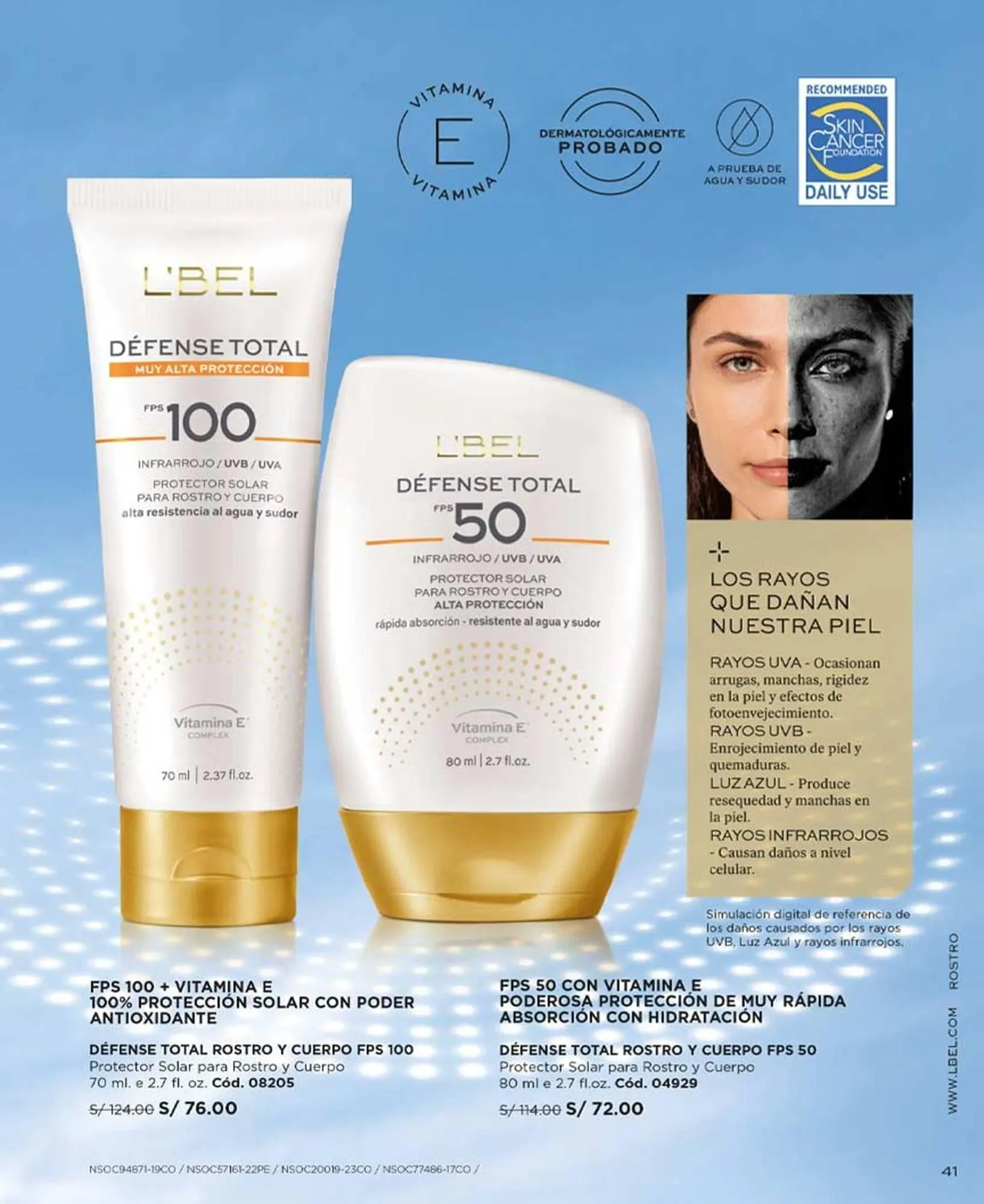 Catalogo de Catálogo L'Bel 31 de julio al 31 de agosto 2024 - Pag 41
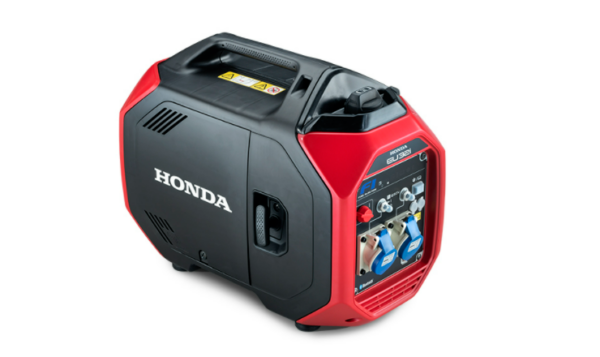 HONDA EU 32i INVERTER : Γεννήτρια Βενζίνης Τετράχρονη 3.2kW Με Σχοινί Αυτόματης Επαναφοράς 02EU32I-G-R280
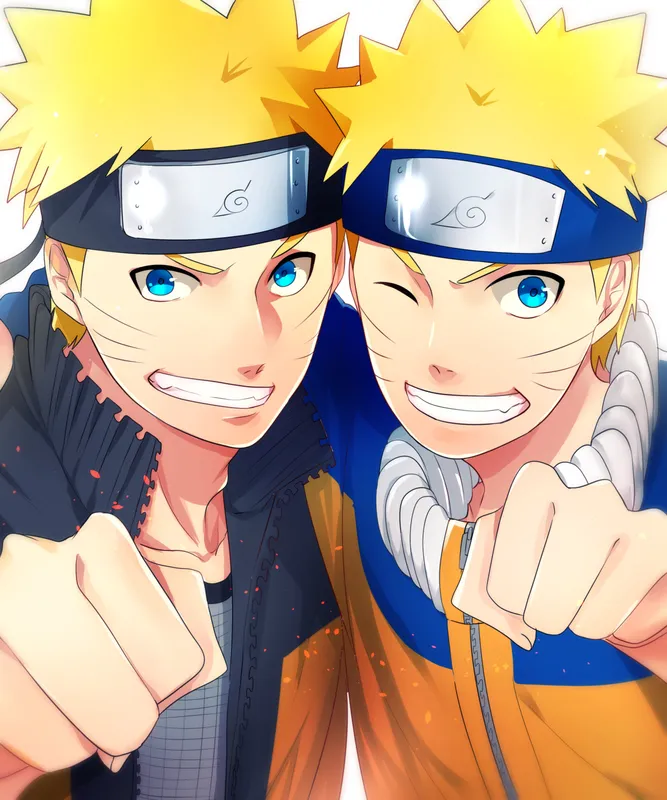 Naruto Uzumaki trong ảnh: Hành trình không ngừng nghỉ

-*-*-

→ **Work to be completed**
Skip the images and set down the rest of the data unchanged.

→ **Output for this exercise**
 Catalogo de Catálogo L'Bel 31 de julio al 31 de agosto 2024 - Pag 41
 HONDA EU 32i INVERTER : Γεννήτρια Βενζίνης Τετράχρονη 3.2kW Με Σχοινί Αυτόματης Επαναφοράς 02EU32I-G-R280
 Naruto Uzumaki trong ảnh: Hành trình không ngừng nghỉ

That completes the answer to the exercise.